Search code examples
sqloracle-databaseoracle11gsql-execution-plan

Oracle ORDERED hint cost vs speed


So, a few weeks ago, I asked about Oracle execution plan cost vs speed in relation to the FIRST_ROWS(n) hint. I've run into a similar issue, but this time around the ORDERED hint. When I use the hint, my execution time improves dramatically (upwards of 90%), but the EXPLAIN PLAN for the query reports an enormous cost increase. In this particular query, the cost goes from 1500 to 24000.

The query is paramterized for pagination, and joins 19 tables to get the data out. I'd post it here, but it is 585 lines long and is written for a vendor's messy, godawful schema. Unless you happened to be intimately familiar with the product this is used for, it wouldn't be much help to see it. However, I gathered the schema stats at 100% shortly before starting work on tuning the query, so the CBO is not working in the dark here.

I'll try to summarize what the query does. The query essentially returns objects and their children in the system, and is structured as a large subquery block joined directly to several tables. The first part returns object IDs and is paginated inside its query block, before the joins to other tables. Then, it is joined to several tables that contain child IDs.

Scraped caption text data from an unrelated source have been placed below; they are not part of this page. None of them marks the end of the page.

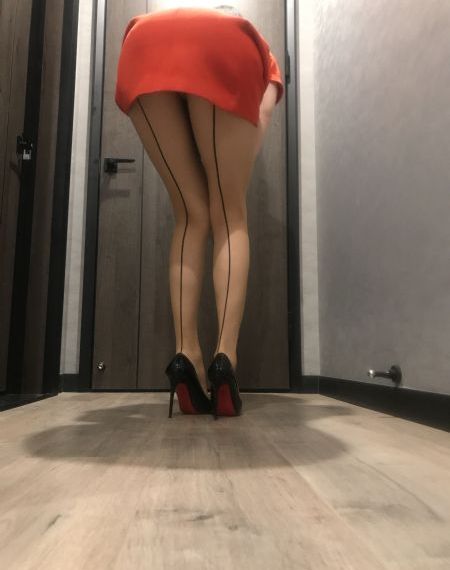 潘金莲三级理伦_BD完整视频观看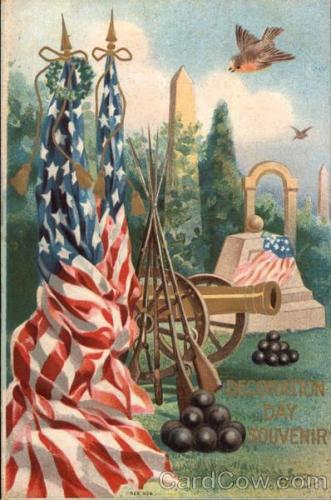 09:55:11 GMT-0500 (CDT)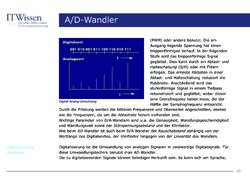 Image of the Page - 10 - in IT Wissen - A/D-Wandler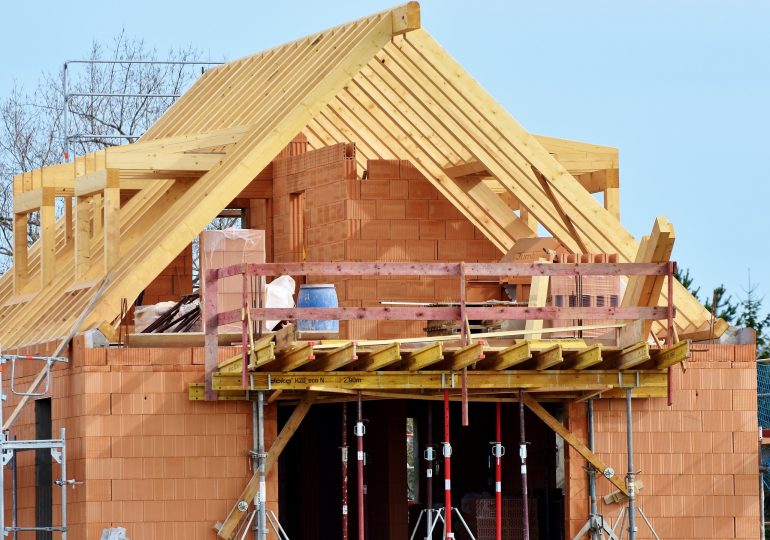 découvrez nos conseils et astuces pour réussir vos travaux de maison : rénovation, aménagement, bricolage et décoration pour améliorer votre intérieur facilement.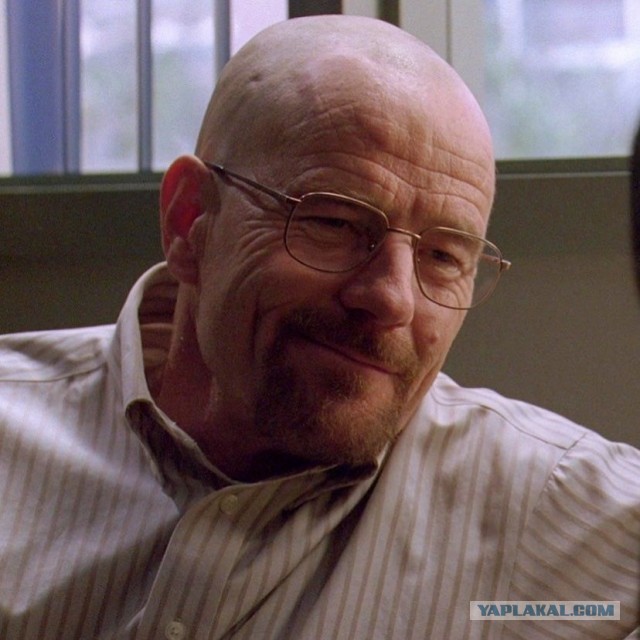 Таинственные технологии СССР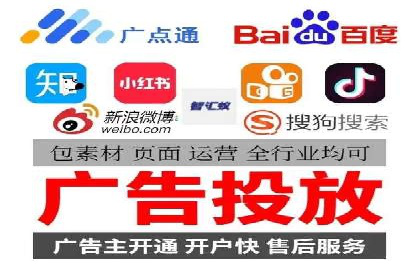 揭秘：成功SEM推广代运营公司案例解析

I know that the CBO is not all knowing or infalible, but it really bothers me to see an execution plan this costly perform so well; it goes against a lot of what I've been taught. With the FIRST_ROWS hint, the solution was to provide a value n such that the optimizer could reliably generate the execution plan. Is there a similar kind of thing happening with the ORDERED hint for my query?


Solution

  • The reported cost is for the execution of the complete query, not just the first set of rows. (PostgreSQL does the costing slightly differently, in that it provides the cost for the initial return of rows and for the complete set).

    For some plans the majority of the cost is incurred prior to returning the first rows (eg where a sort-merge is used), and for others the initial cost is very low but the cost per row is relatively high thereafter (eg. nested loop join).

    So if you are optimising for the return of the first few rows and joining 19 tables you may get a very low cost for the return of the first 20 with a nested loop-based plan. However for of the complete set of rows the cost of that plan might be very much higher than others that are optimised for returning all rows at the expense of a delay in returning the first.